Sabic cutting costs to tackle weaker demand

Sabic ... seeing more challenges ahead

SAUDI Basic Industries Corp (Sabic), the world’s largest chemicals firm by market value, is cutting spending to counter rising costs and a possible slowdown in US and European demand in 2008.

It says it expects “more challenges in light of an increase in the prices of raw materials and chances of declining demand as a result of a slowdown in the economies of the United States and Western Europe to some extent.”
The state-owned company has taken steps to cut costs to overcome these constraints.
Sabic also seeks to calm investors after losing almost 30 per cent of its value since it ended a run of record profits in the fourth quarter as US chemicals demand faltered.
The company’s fourth-quarter costs soared 115.7 per cent against a 77 per cent rise in sales.
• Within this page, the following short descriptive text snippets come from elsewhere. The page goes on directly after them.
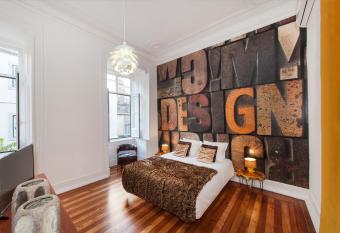 Lisbon Cheese & Wine Suites has Balcony rooms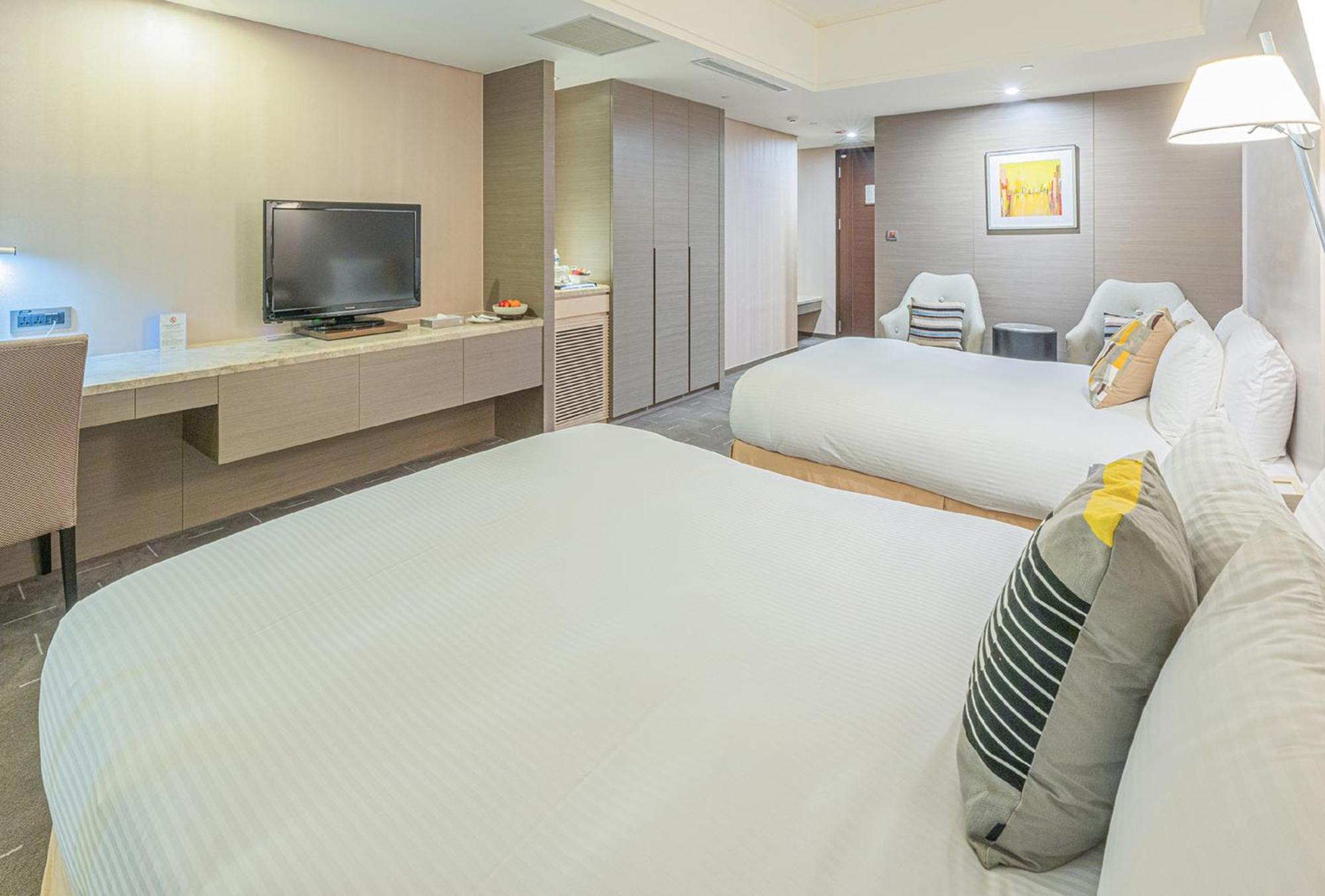 Check Inn Select Taichung Dadun Экстерьер фото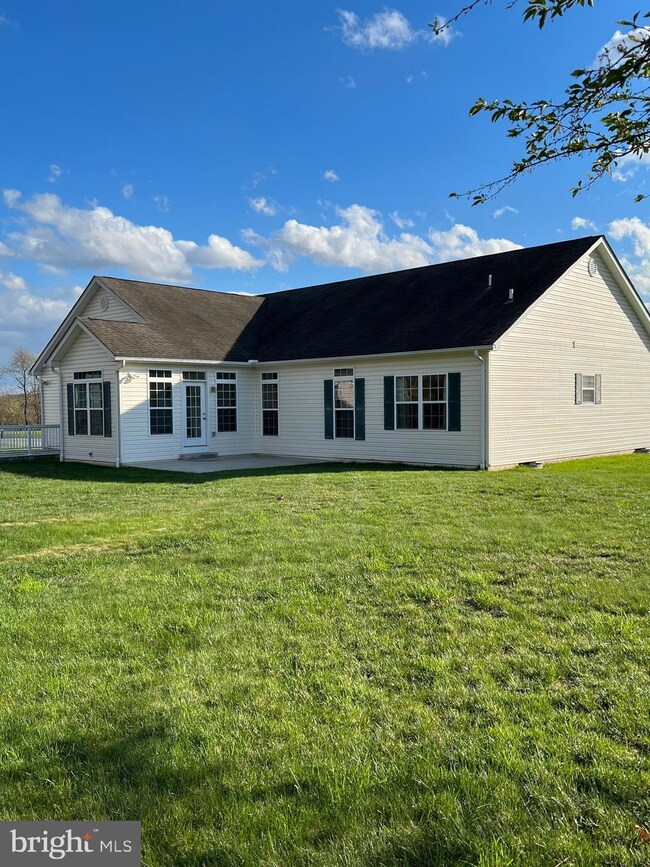 17 Patapsco Cir, Falling Waters, WV 25419 - photo 3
This surge slashed the firm’s net margin by more than a third.
Sabic chief executive Mohamed Al-Mady says higher input costs from a surge in oil prices also weighed on fourth-quarter profit which rose 12.3 per cent to 6.87 billion riyals ($1.83 billion), missing analysts’ forecasts which ranged from 8.38 billion riyals to 9.1 billion riyals.
Sabic also defends its $11.6-billion purchase of GE’s plastics unit last year, saying the acquisition would add value and boost its competitiveness in growth markets in the United States, Europe and Asia, boosting long-term growth.
“Sabic confirms its confidence in the quality of its investments in Sabic Innovative Plastics, according to its long-term strategic plan in which its future growth depends on expansion in specialised products,” it says.
Sabic Innovative Plastics Japan intends to expand its domestic business in areas related to automobiles and optics, with particular consideration to its products’ contributions to environmental protection.
The Japanese subsidiary of Sabic will emphasise its nonhalogenated flame-retardant materials, its flexible Noryl modified polyphenylene ether resins, and its Valox iQ and Xenoy iQ polybutylene terephthalate resins made from post-consumer plastics waste such as recycled PET bottles.
The Tokyo-based company plans to market its flexible Noryl resins and iQ resins to the automotive industry. It is targeting the application of the former in electrical-wire coating because of their high flame retardance despite their zero halogen content. The resins also allow increased thinwalling and lightweighting of products compared with polyvinyl chloride resin, which is currently the mainstream material.
Its iQ resins are being favourably reviewed in such applications as the shock-absorbing portion of car bumpers.
The company also is accelerating the practical application of its Lexan polycarbonate resin to automotive glazing.
In the optics field, Sabic Innovative Plastics Japan will promote the development of its heat-resistant materials for use in light-emitting diodes for automobile lights as well as application development for its Ultem polyetherimide resin.
It will explore markets in the sectors of electrical and electronic equipment for its Noryl resins, which are highly amenable to recycling, and its Cycoloy polycarbonate/acrylonitrile butadiene styrene, or PC/ABS, high-impact amorphous thermoplastic blends.
The company plans to allocate 10 per cent more management resources in 2008 than in 2007 to expand its Mooka factory, which produces compounds, and its Japan Technology Center located in the factory.
Looking ahead, it aims to eventually become the market leader for some of its functional-resin products. Takashi Hata, president of Sabic Innovative Plastics Japan, says, “We at the Japanese company have not yet been able to do ourselves justice in our performance in the domestic market to match Sabic’s global market share.”
General Electric of the US agreed to sell its GE Plastics division to Sabic in 2007, upon which the business was renamed Sabic Innovative Plastics.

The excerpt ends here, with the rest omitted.